_EXERCISE DATA_
+ + +

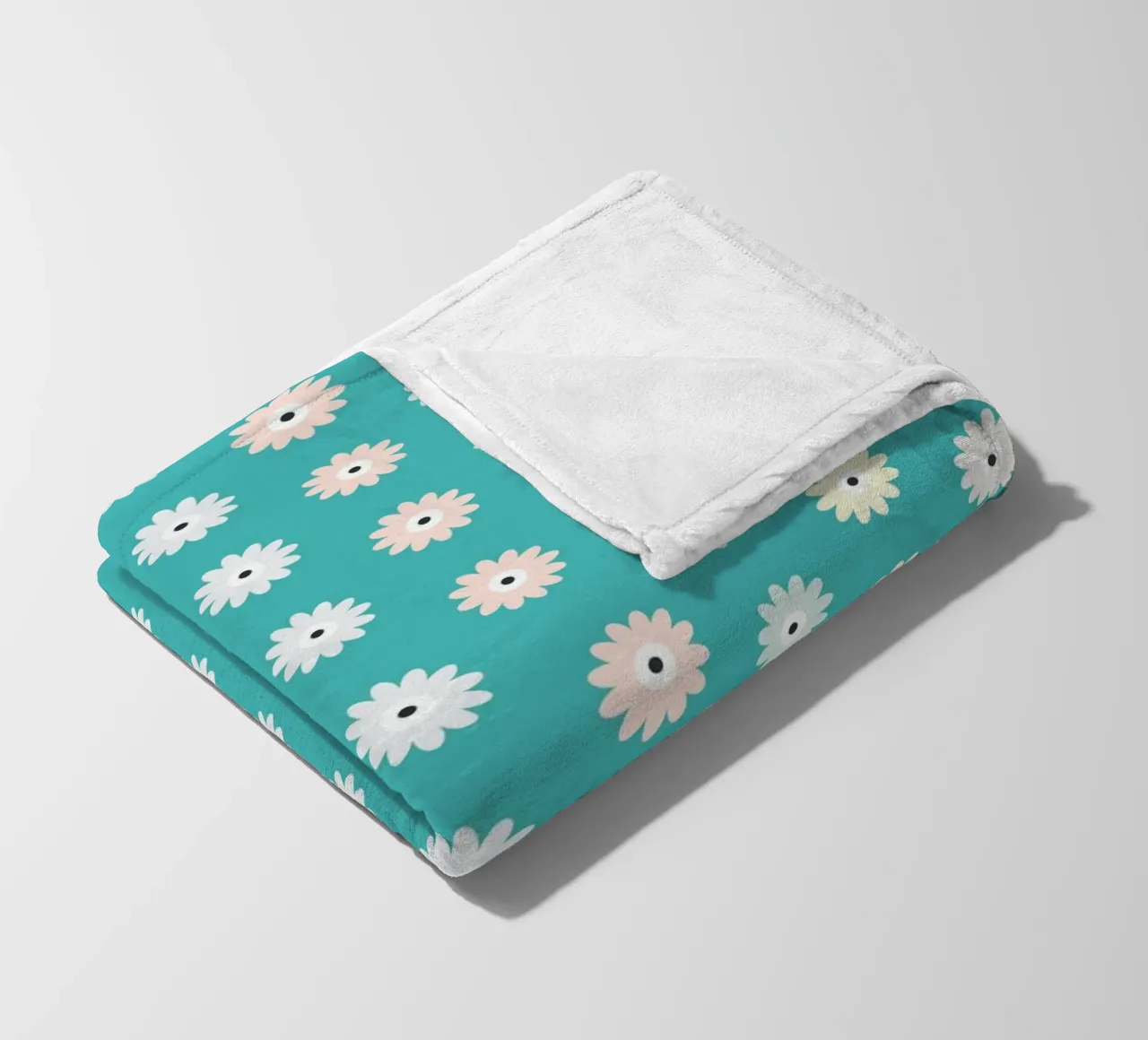 Floral Pattern Colourful #2 coperta in pile da kathrinmay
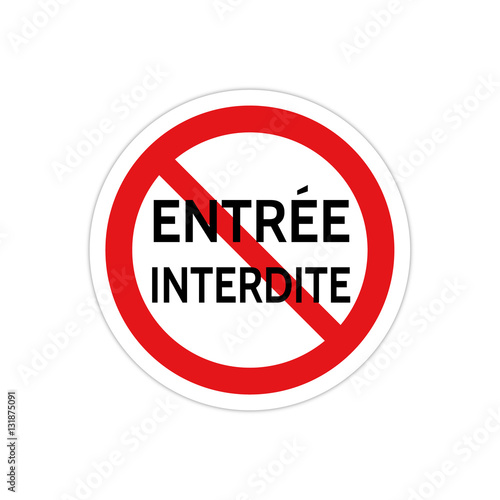 Panneau signalisation pictogramme interdiction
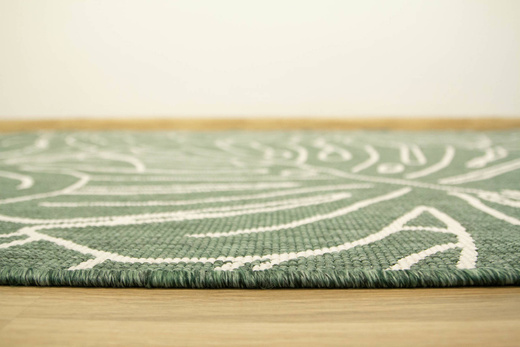 Dywan Dwustronny Sznurkowy Brussels 205625/10510 green w liście monstery Outdoor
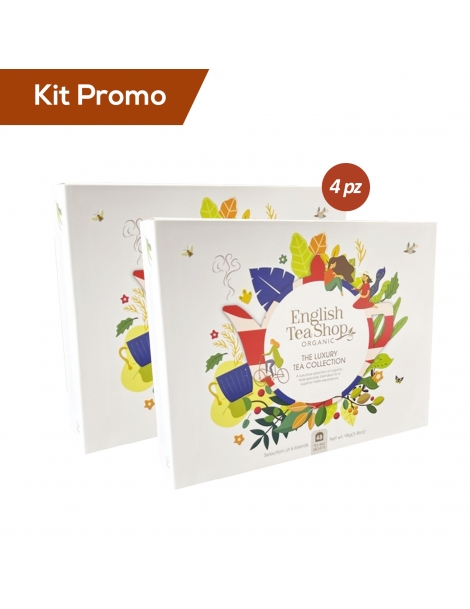 Box 4 confezioni English Tea Shop, The Luxury Tea Collection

+ + +

Copy the listing above word for word. Do not include the pictures.

_RESULT OF THE EXERCISE_
 Floral Pattern Colourful #2 coperta in pile da kathrinmay
 Panneau signalisation pictogramme interdiction
 Dywan Dwustronny Sznurkowy Brussels 205625/10510 green w liście monstery Outdoor
 Box 4 confezioni English Tea Shop, The Luxury Tea Collection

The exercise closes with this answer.